> _WHAT THIS TASK INVOLVES_:
Only the pictures are to be dropped, and the rest of the data should be copied exactly.
──────── DATA UNDER STUDY ────────
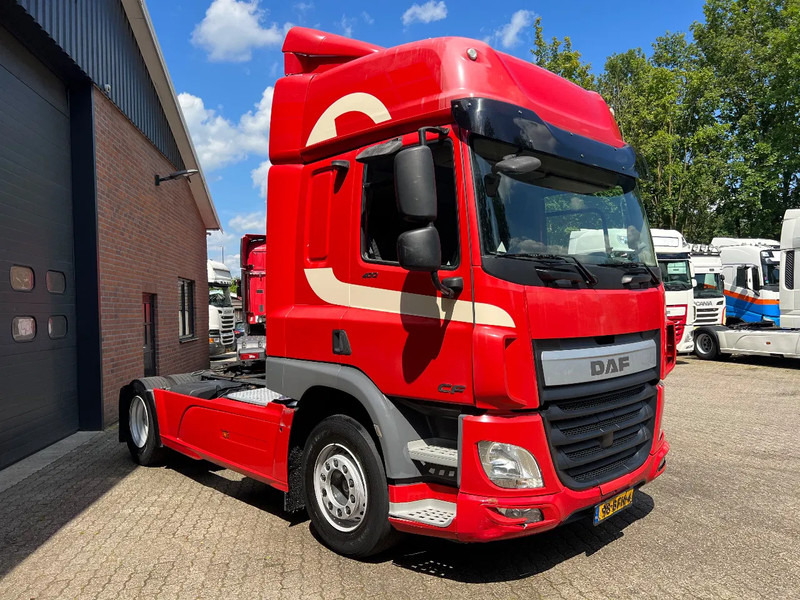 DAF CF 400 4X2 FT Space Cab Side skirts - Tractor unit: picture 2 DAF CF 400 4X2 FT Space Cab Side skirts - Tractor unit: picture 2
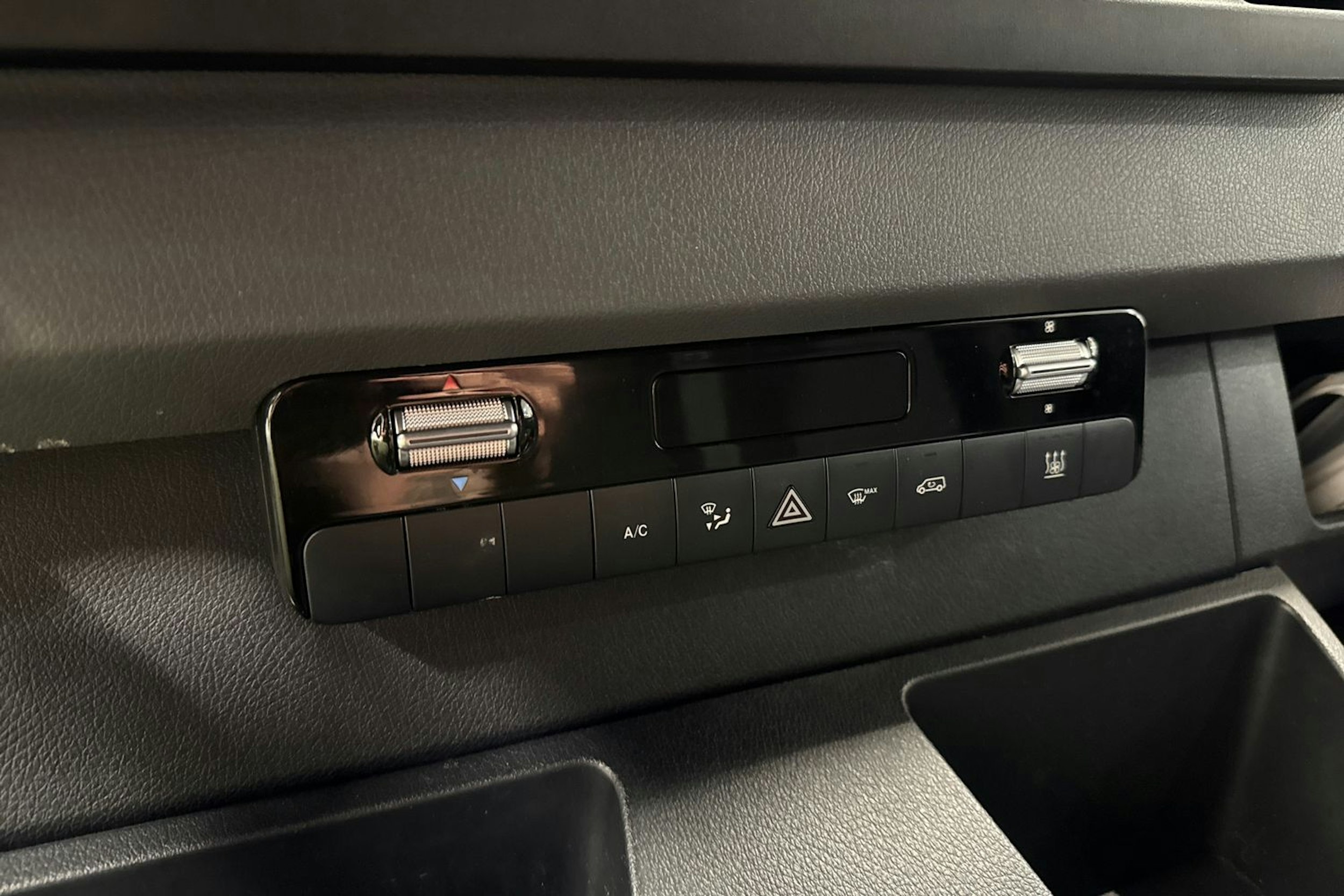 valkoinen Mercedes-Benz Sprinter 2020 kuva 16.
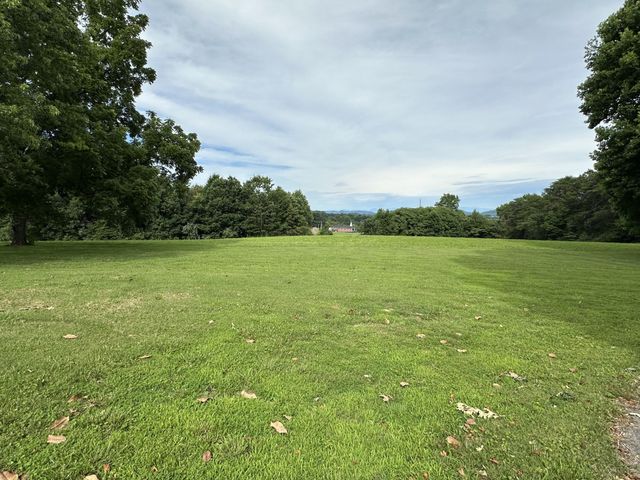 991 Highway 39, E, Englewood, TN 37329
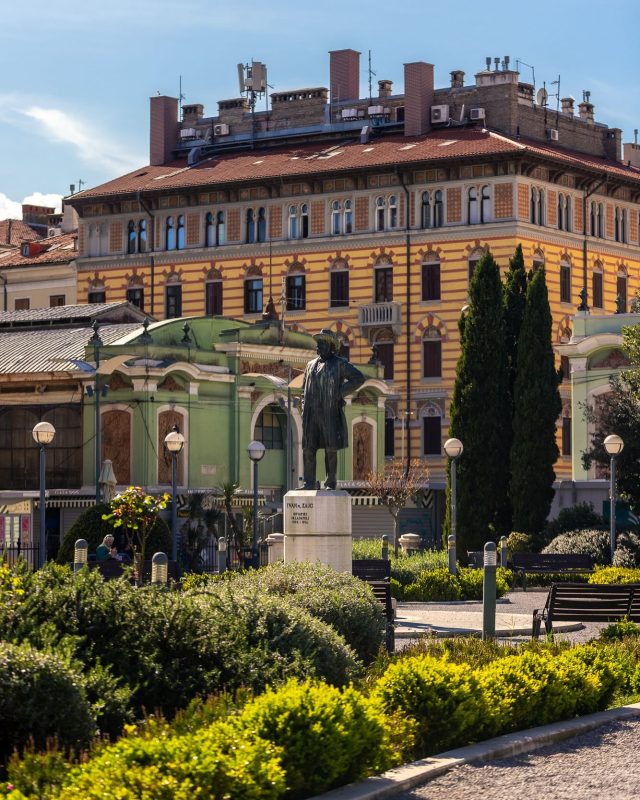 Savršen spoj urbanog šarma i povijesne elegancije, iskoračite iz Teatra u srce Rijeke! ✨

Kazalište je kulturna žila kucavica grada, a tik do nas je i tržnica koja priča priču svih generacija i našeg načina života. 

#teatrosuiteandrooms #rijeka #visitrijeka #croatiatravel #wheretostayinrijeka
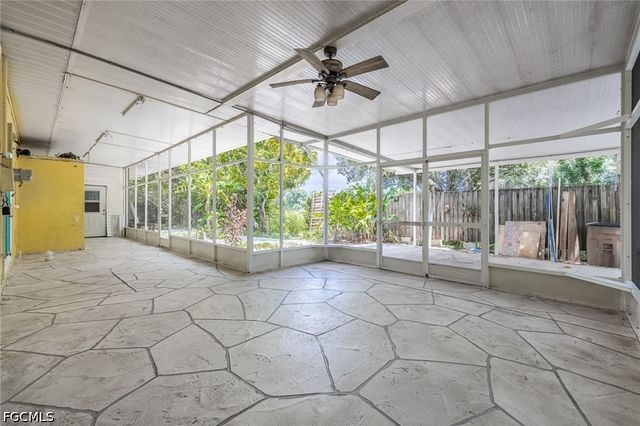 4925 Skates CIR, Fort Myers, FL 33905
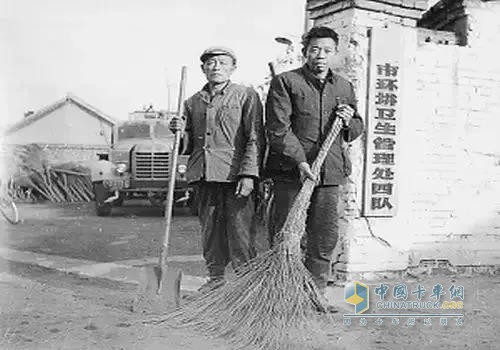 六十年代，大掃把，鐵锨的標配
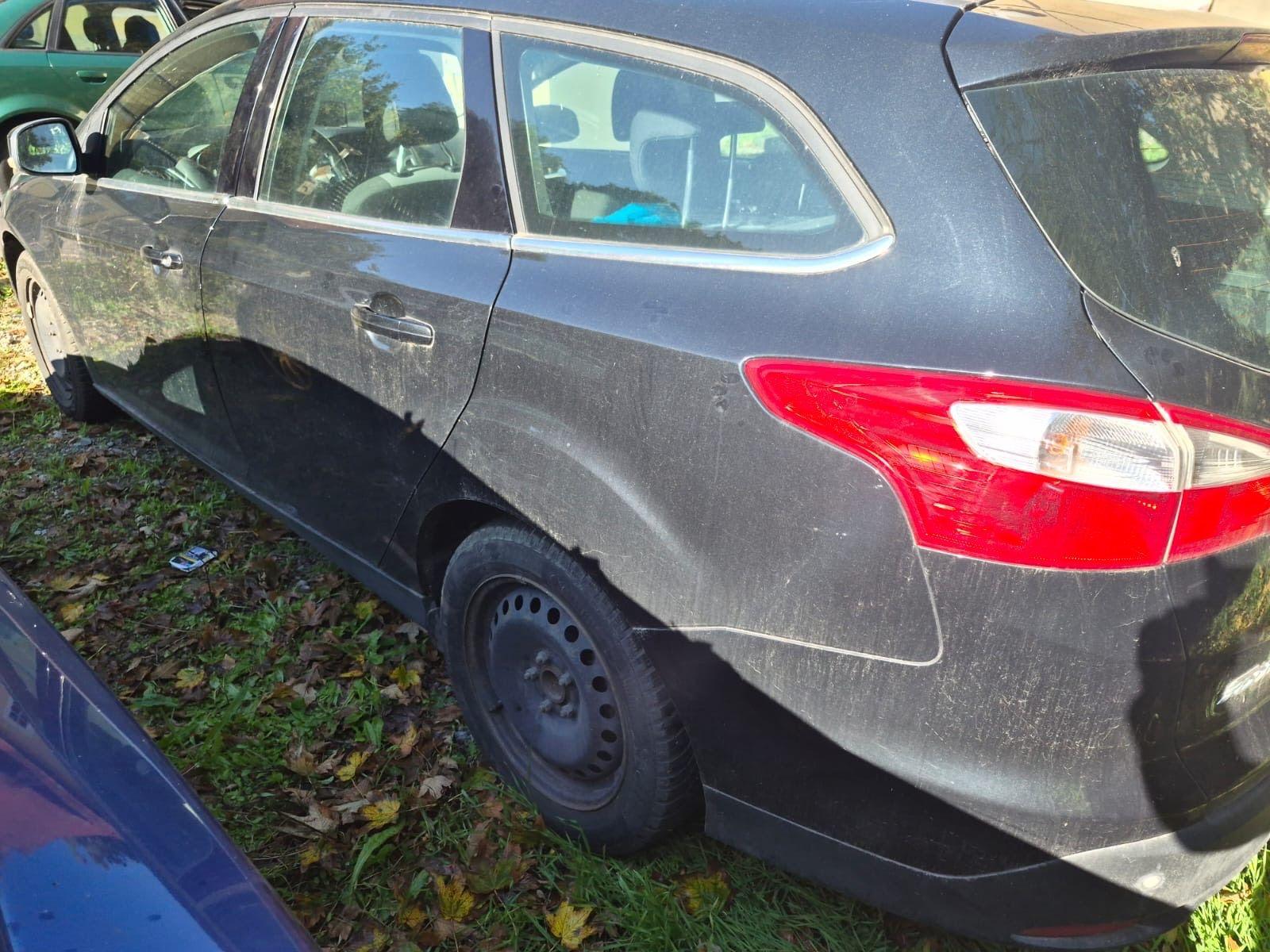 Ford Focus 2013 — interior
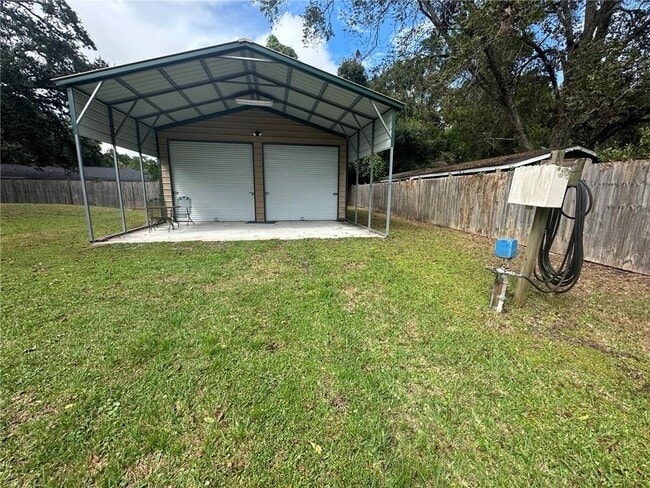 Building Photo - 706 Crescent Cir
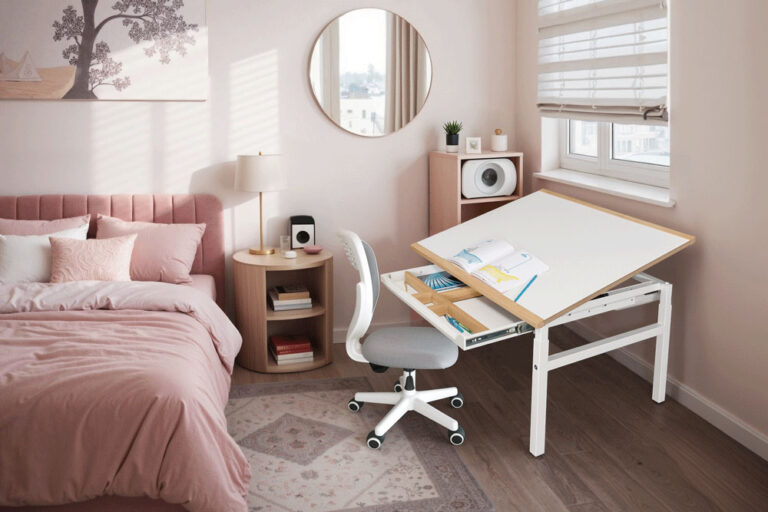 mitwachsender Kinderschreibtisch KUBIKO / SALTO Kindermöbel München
────────
> _SOLUTION FOR THIS PROBLEM_:
 DAF CF 400 4X2 FT Space Cab Side skirts - Tractor unit: picture 2 DAF CF 400 4X2 FT Space Cab Side skirts - Tractor unit: picture 2
 valkoinen Mercedes-Benz Sprinter 2020 kuva 16.
 991 Highway 39, E, Englewood, TN 37329
 Savršen spoj urbanog šarma i povijesne elegancije, iskoračite iz Teatra u srce Rijeke! ✨

Kazalište je kulturna žila kucavica grada, a tik do nas je i tržnica koja priča priču svih generacija i našeg načina života. 

#teatrosuiteandrooms #rijeka #visitrijeka #croatiatravel #wheretostayinrijeka
 4925 Skates CIR, Fort Myers, FL 33905
 六十年代，大掃把，鐵锨的標配
 Ford Focus 2013 — interior
 Building Photo - 706 Crescent Cir
 mitwachsender Kinderschreibtisch KUBIKO / SALTO Kindermöbel München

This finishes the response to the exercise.